**YOUR GOAL**
Would you repeat the listing exactly but omit every picture?

**MATERIAL PROVIDED**

****************************************

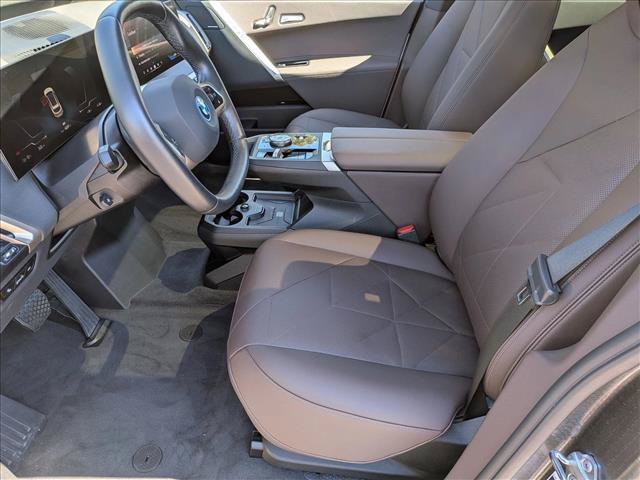 Certified 2024 BMW iX xDrive50 AWD/4WD image 17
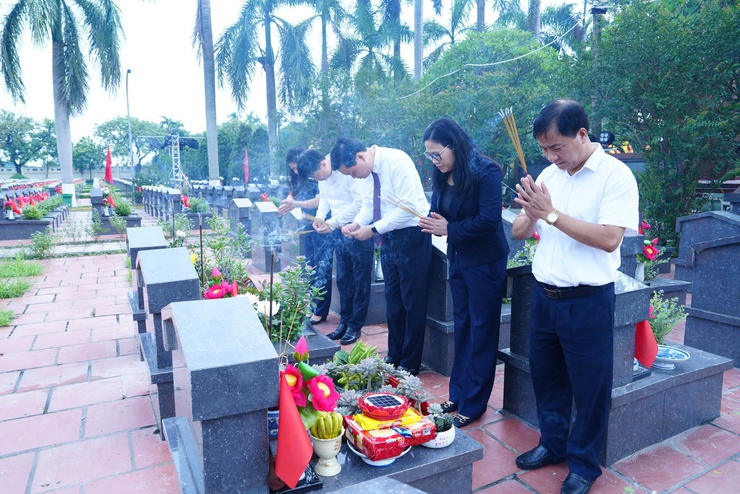 Phát huy truyền thống đạo lý "Uống nước nhớ nguồn", phường Yên Hòa tổ chức dâng hương nhân kỷ niệm 78 năm Ngày Thương binh - Liệt sĩ (27/7/1947-27/7/2025)- Ảnh 3.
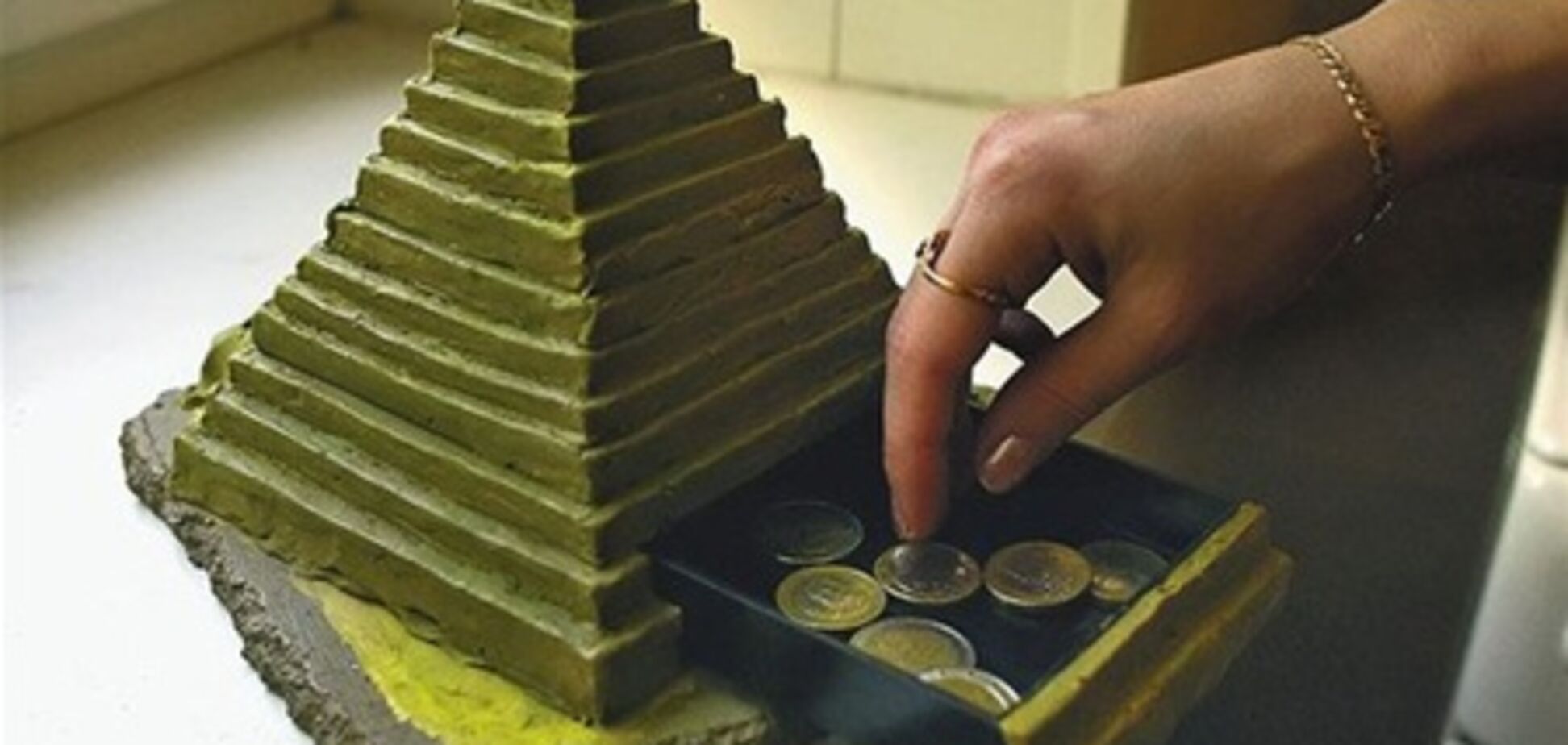 В Украине растет количество финансовых пирамид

****************************************

**RESPONSE AREA**
 Certified 2024 BMW iX xDrive50 AWD/4WD image 17
 Phát huy truyền thống đạo lý "Uống nước nhớ nguồn", phường Yên Hòa tổ chức dâng hương nhân kỷ niệm 78 năm Ngày Thương binh - Liệt sĩ (27/7/1947-27/7/2025)- Ảnh 3.
 В Украине растет количество финансовых пирамид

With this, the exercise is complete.